Vice Squad President
The US accused the vice president of Venezuela of drug trafficking and imposed sanctions that make it illegal for anyone in the United States to do business with him, while freezing any assets he has in the US.
The Treasury Department’s Office of Foreign Assets Control (OFAC) said evidence from a multi-year investigation indicates that Vice President Tareck El Aissami has played a “significant role in international narcotics trafficking,” CNN reported.
The Treasury Department alleged El Aissami facilitated shipments of more than 1,000 kilograms of narcotics from Venezuela to Mexico and the US on multiple occasions. It also alleged that the vice president and former interior and justice minister coordinated drug shipments to Los Zetas, a violent Mexican drug cartel, and provided protection to a Colombian drug lord.
“OFAC’s action today … demonstrates that power and influence do not protect those who engage in these illicit activities,” CNN quoted the acting director of OFAC as saying.
He’s not behind bars, of course. But analysts say the move signals Trump plans to take a tough line as he deals with crisis-plagued Venezuela.
Calming Dissent
A Hong Kong court found seven police officers guilty of police brutality on Tuesday in a case involving the beating of a handcuffed democracy activist during a public protest in 2014.
District court judge David Dufton said in a written summary that all seven officers were “guilty of assault occasioning actual bodily harm,” but were found not guilty of the more serious charge of causing grievous bodily harm, Reuters reported.

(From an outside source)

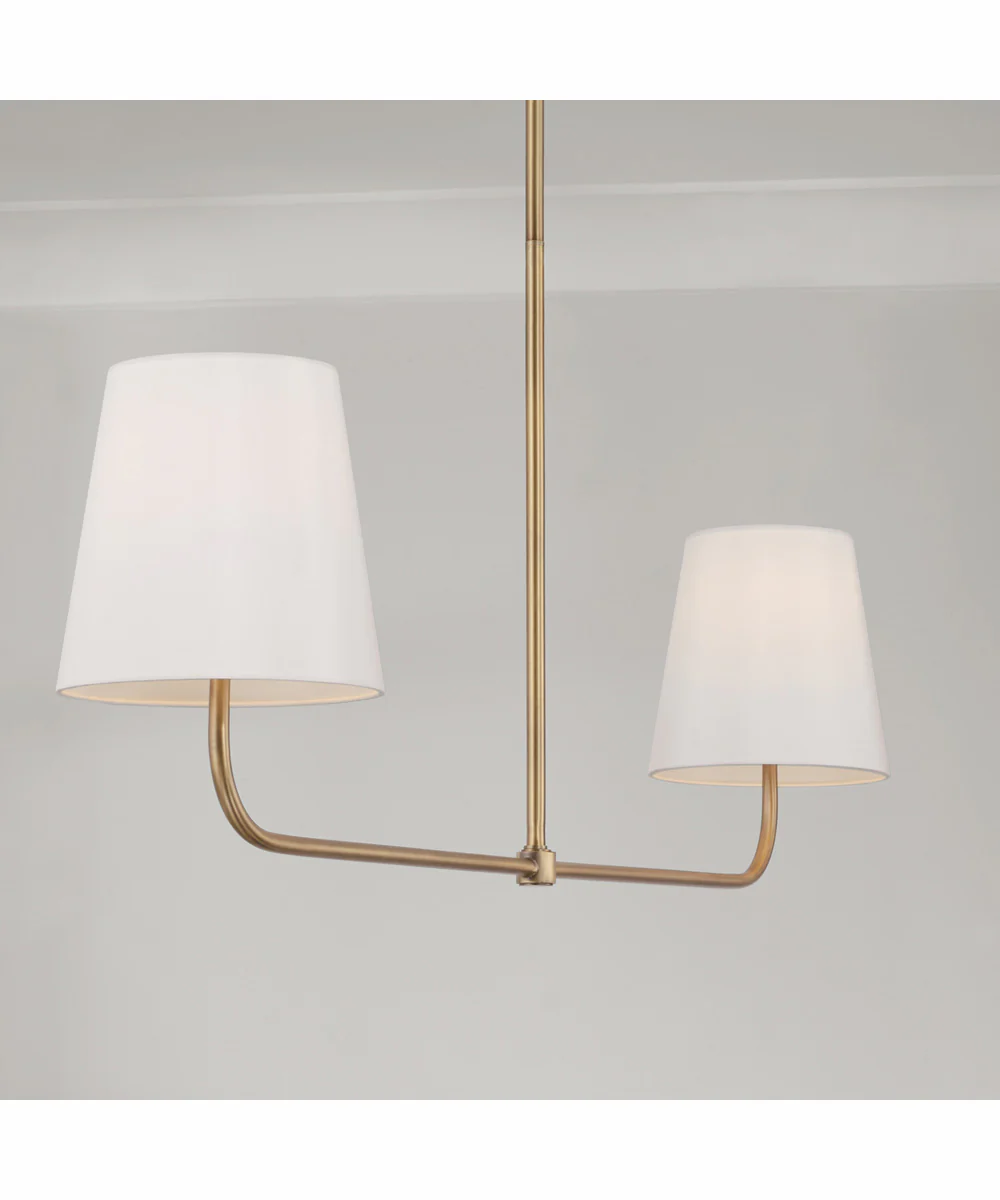Brody 2-Light Island Aged Brass - Image 3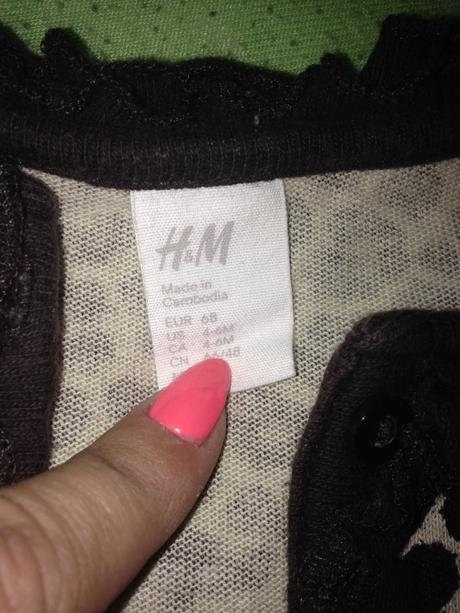 Leo svetrík, h&m,68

China takes a tough line against dissent – recently barring Hong Kong legislators from taking office after they used an oath-taking ceremony as an opportunity to express support for the returned colony’s future independence. But police brutality is rare. The case sparked outrage and increased sympathy for the student-led protests, which paralyzed parts of Hong Kong for 79 days and posed one of the greatest challenges to the central government in Beijing in decades, the agency said.
The guilty verdict may help to assuage local residents’ fears that the city is losing its freedoms. But it remains to be seen what sentences will be handed down.
DISCOVERIES
Attention Hog
Due to increased attention from parents, first-born children appear to have greater reasoning skills than their siblings.
Published recently in the Journal of Human Resources, the study analyzed the mental capabilities of nearly 5,000 children from before birth through age 14.
Scientists sought to analyze the so-called birth-order effect, a sociological principal claiming that children born earlier make greater economic and educational strides than their siblings.
The results confirmed the principle, the Guardian reports: Firstborns indeed scored higher on an array of comprehension tests, including vocabulary.
But researchers claim it’s not because first-borns are naturally smarter than their siblings. Rather, the study found that parents participated increasingly less in mentally stimulating tasks like arts and crafts as they had more children.
“Our results suggest that broad shifts in parental behavior are a plausible explanation for the observed birth order differences in education and labor market outcomes,” said Ana Nuevo-Chiquero of Edinburgh University’s school of economics.
So first-borns aren’t necessarily smarter. They’re just attention hogs.